FEELING IT IN YOUR SOLE (arches, heel height, heel lift)
Aftermarket insoles are pretty much the only way to accommodate abnormal arches or any arches really because almost all skates and boots come with worthless insoles (Jackson, Luigino, & Mota being exceptions: theirs are useable). There are many options for insole upgrades like Superfeet, for example, but in our experience, no company beats Dr. Scholls for variety or cost.

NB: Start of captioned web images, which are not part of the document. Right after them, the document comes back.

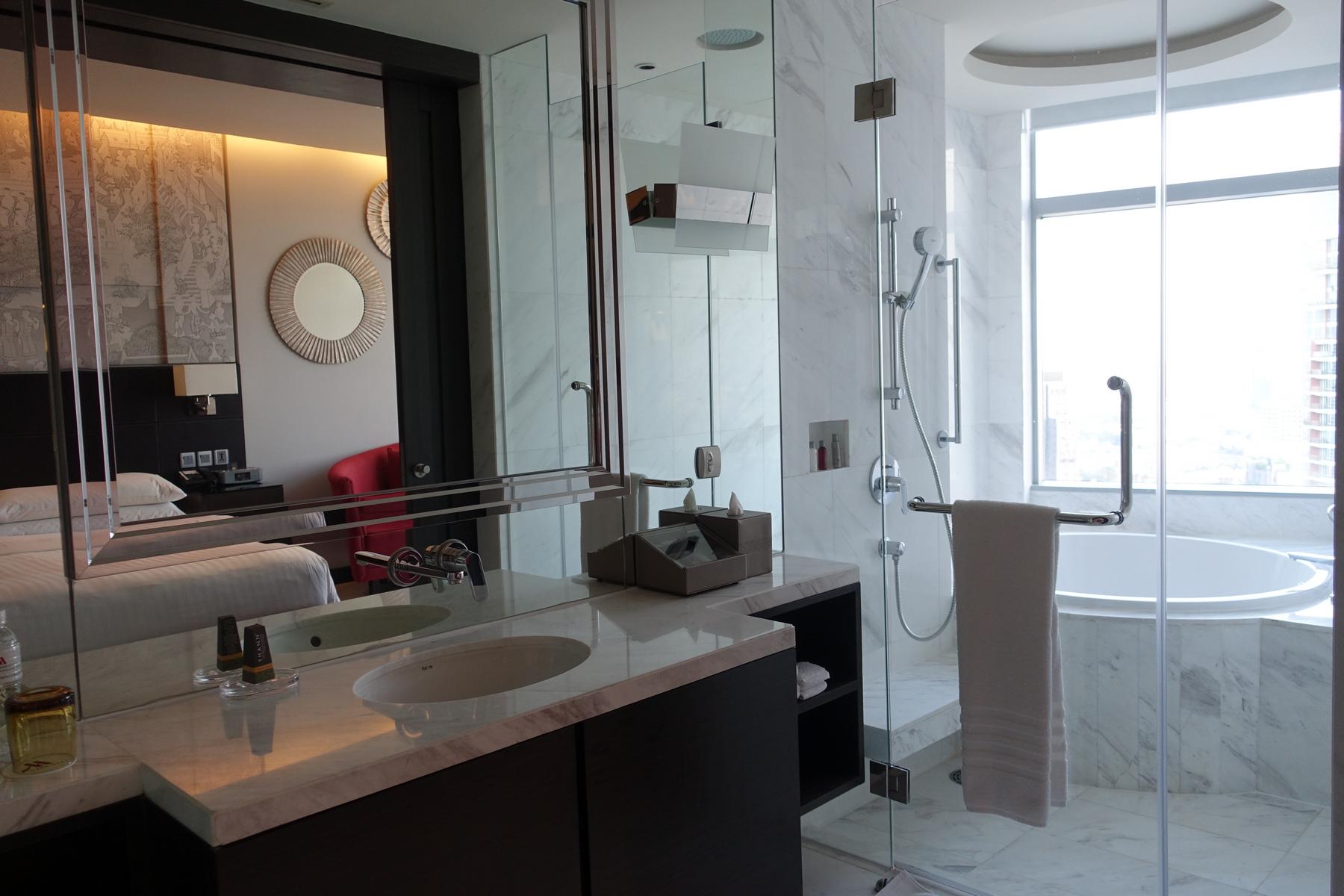 Modern hotel bathroom with marble vanity, glass shower, and tub, reflecting the bedroom.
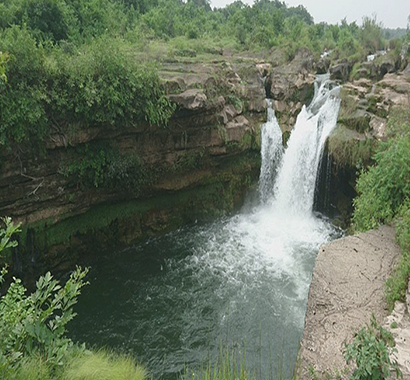 Jamjir Waterfall, a stunning natural attraction near Sasan Gir, offering picturesque views and a serene environment for visitors looking to explore the beauty of nature
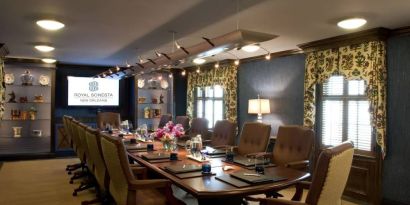 Meeting room in Royal Sonesta New Orleans, furnished with long wooden table, 14 swivel chairs, a widescreen TV, and two windows.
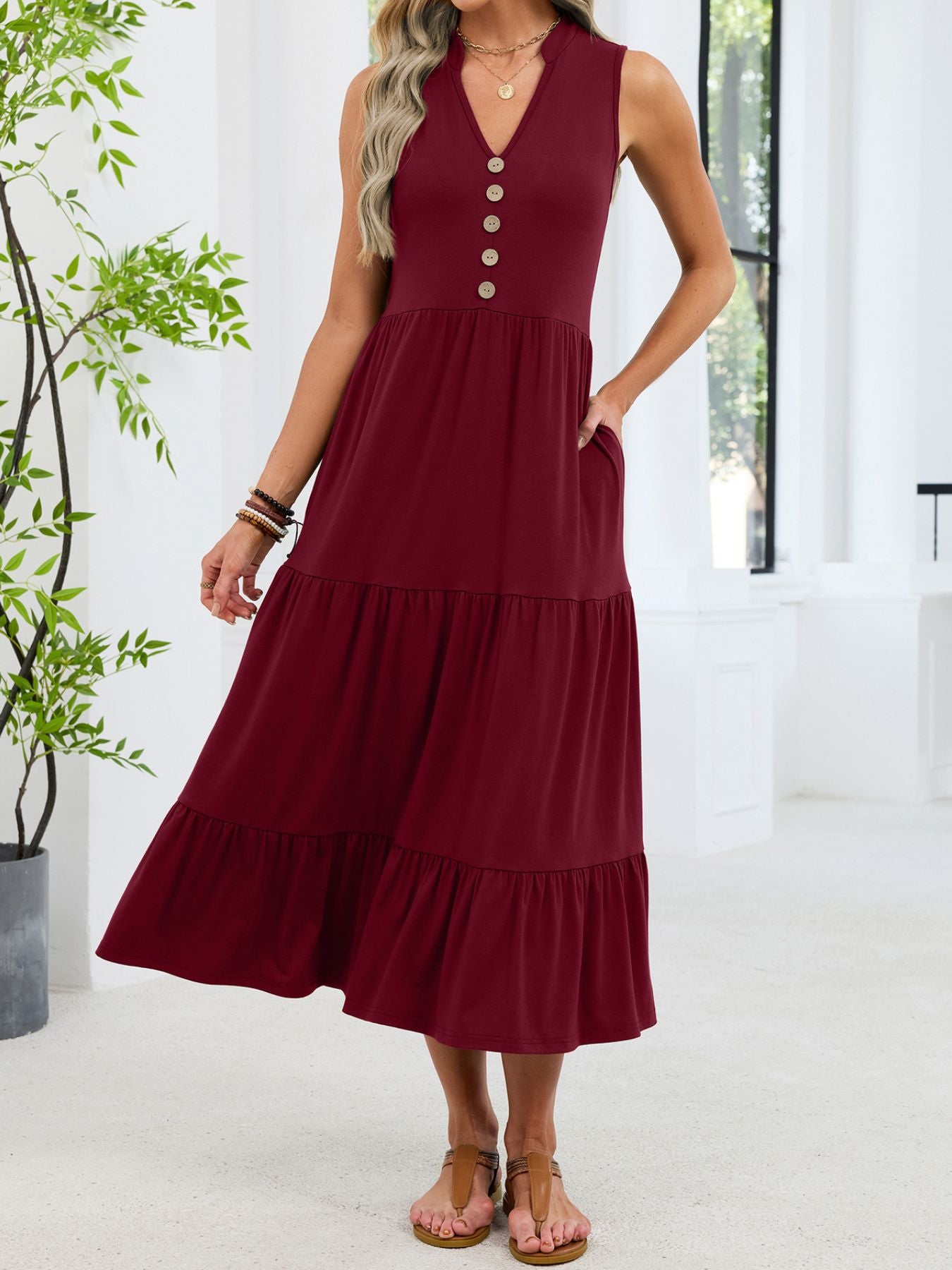 Burgundy tiered midi dress with notched V-neck and decorative buttons.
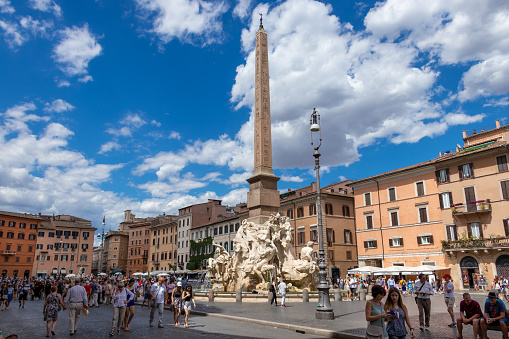 Tourists at Piazza Navona in front of Santa Agnese church in Rome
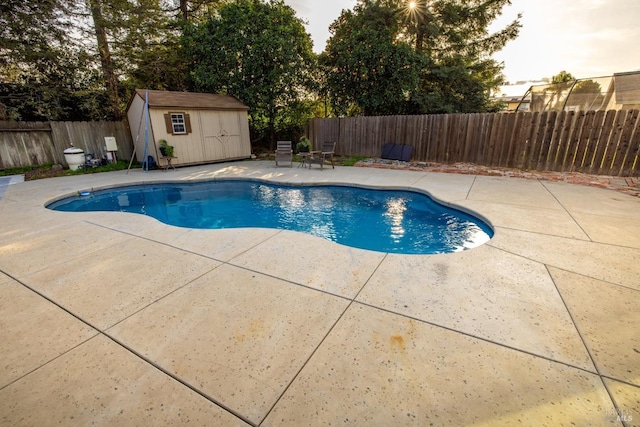 view of pool with a storage shed, a fenced in pool, a fenced backyard, an outbuilding, and a patio area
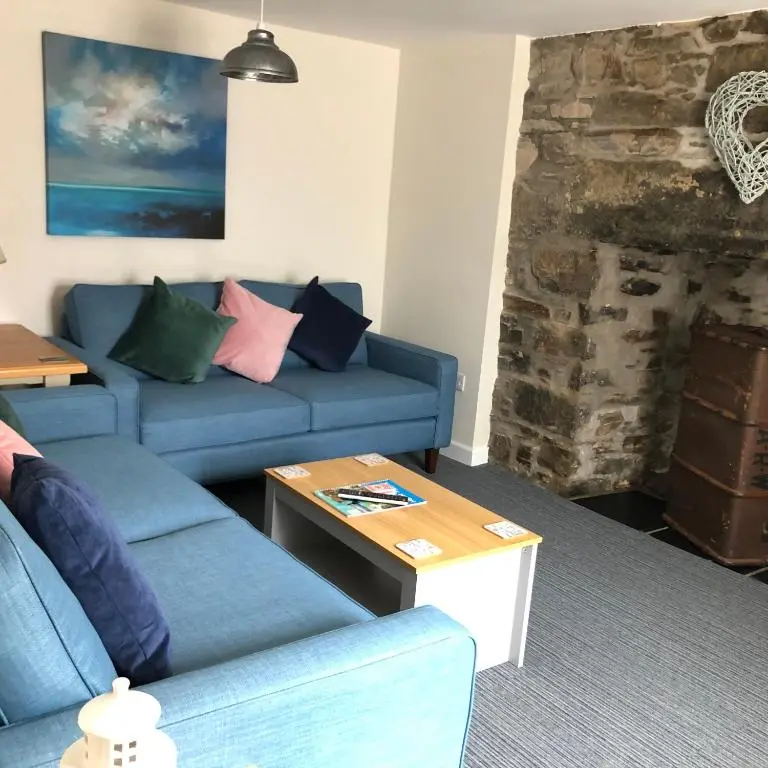 a living room with a blue couch and a table at The Three Kings Inn in Cullen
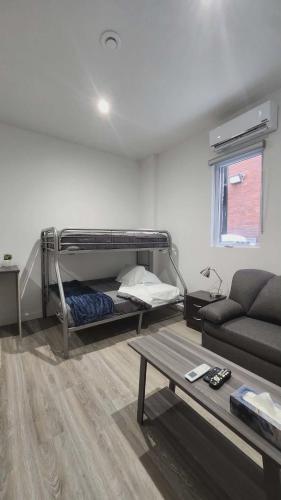 ein Wohnzimmer mit einem Etagenbett und einer Couch in der Unterkunft La Baraque in Thetford Mines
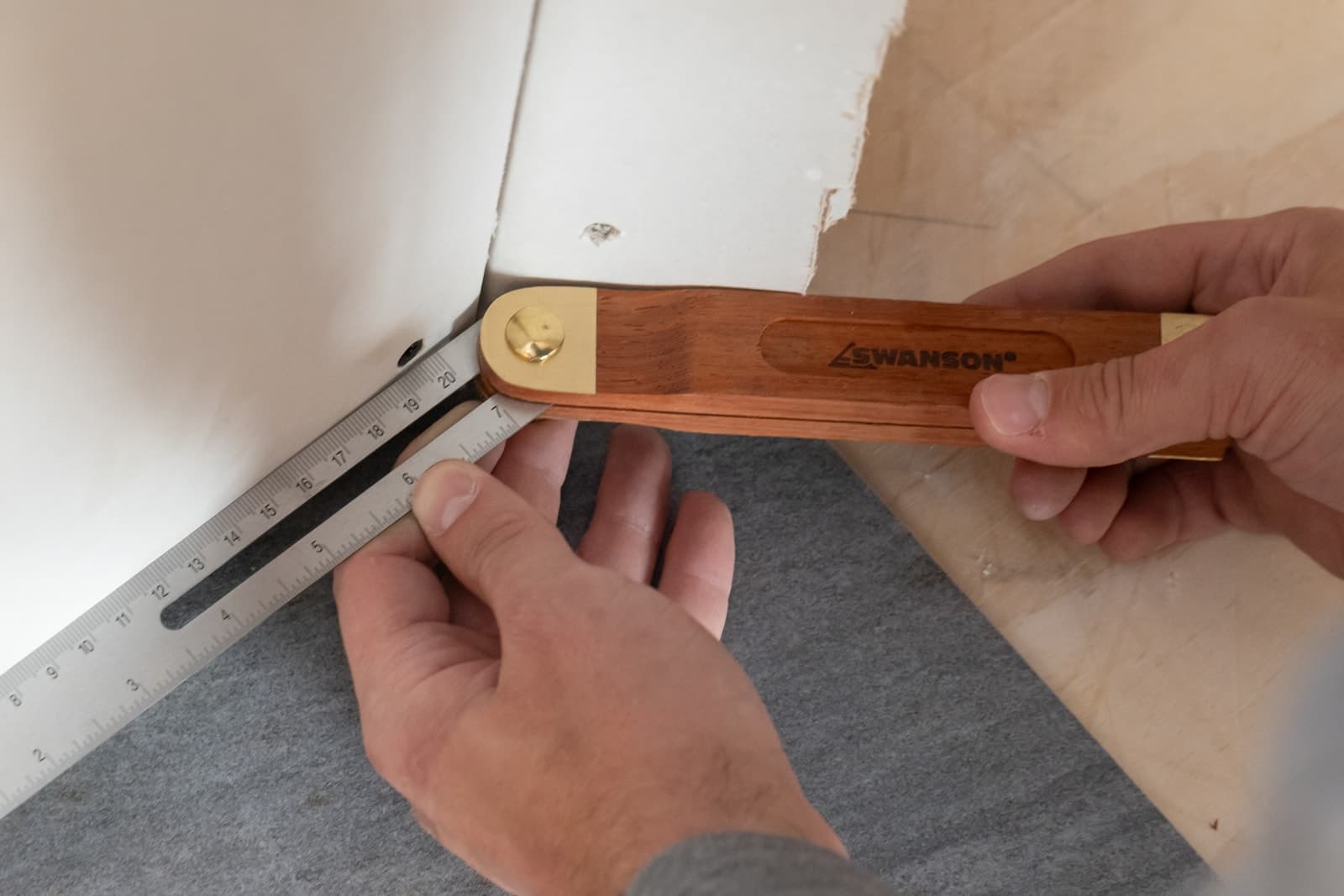 A woodworker using the Swanson TS149 to transfer an angle off a piece of stock at the bench.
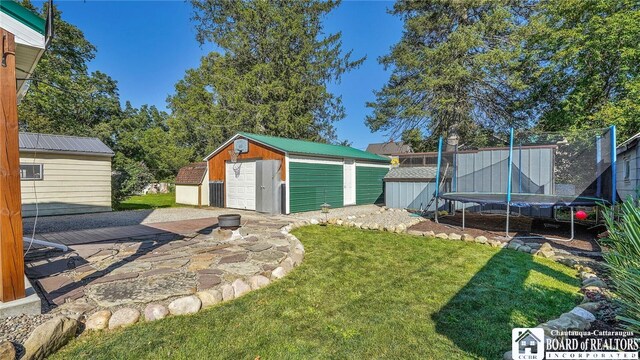 view of yard featuring a trampoline, a garage, a storage unit, and a fire pit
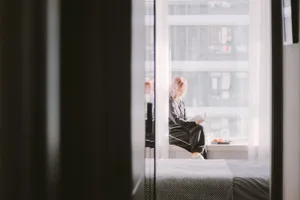 A woman with pastel-colored hair sits cross-legged on a window sill in a minimalist interior, reading a book with a glass of 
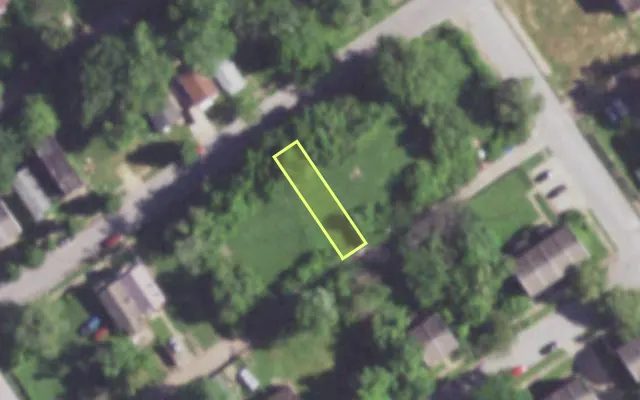 Aerial view of 1418 JOHN AV — vacant lot, St. Louis with approximate parcel outline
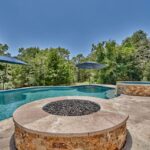 built in fire pit by swimming pool with tree line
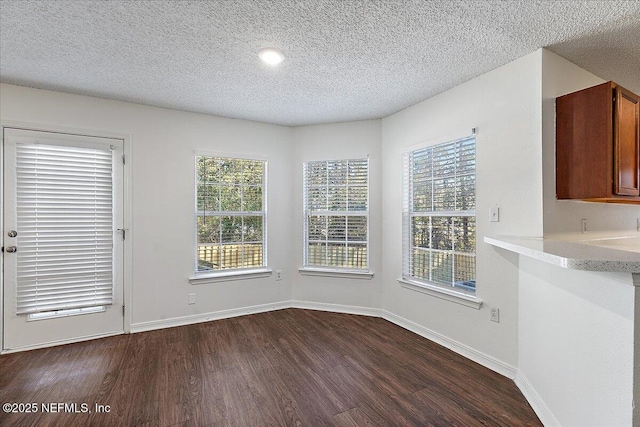 unfurnished dining area with plenty of natural light, dark hardwood / wood-style flooring, and a textured ceiling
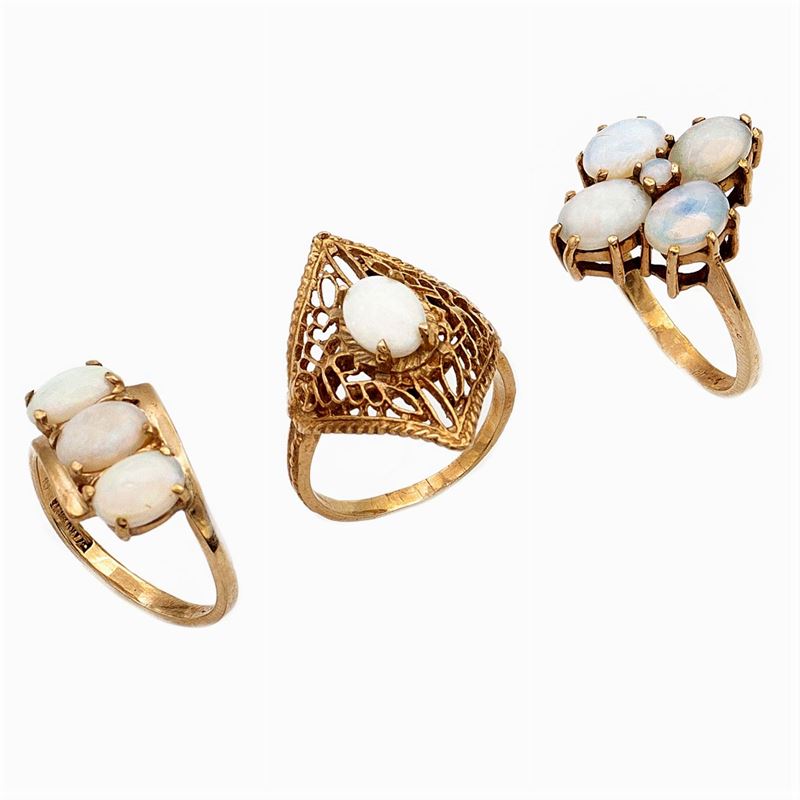 Tre Anelli in Oro Giallo 14kt e Opali Arlecchino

The top of your foot between your toes and ankle is called your instep and it really matters. Things don't often go wrong here but it can be terrible when they do. If your instep is high and your footwear doesn't accommodate, stress fractures are very possible (and they suuuuck). Also, fun fact: all your foot's blood circulation is on top of your foot and if your instep is high or you just have a habit of clamping down your laces (we call it "crank-itis"), blood flow is restricted which can make your foot cold or numb. Add the fact that female blood circulation just isn't really strong, and you can have a lot working against you.
High instep solutions
-Lacing techniques. See here.
“Heel lift” is when you shift your weight onto your toes and your heel moves upward in the back of your boot. This isn’t bothersome for everyone but for those whom are sensitive to it, it’s maddening. Heel lift is nearly impossible to eliminate since skate plates/frames are rigid (unlike running shoes for example) and your foot is not so any foot flexing will create incongruence between the sole of your foot and the sole of your boot. So temper expectations.
Heel lift solutions
-Lacing techniques. See here.
-Heat-molding - During the heat-molding process, squeeze the boot at your achilles and above your heel while the boots are cooling to close the material around your foot.
-Straps – Many boots have instep straps built in which help but aftermarket straps like Powerslide Myfit straps give the advantage of holding your foot down to both the boot AND the plate/frame making your heel more static.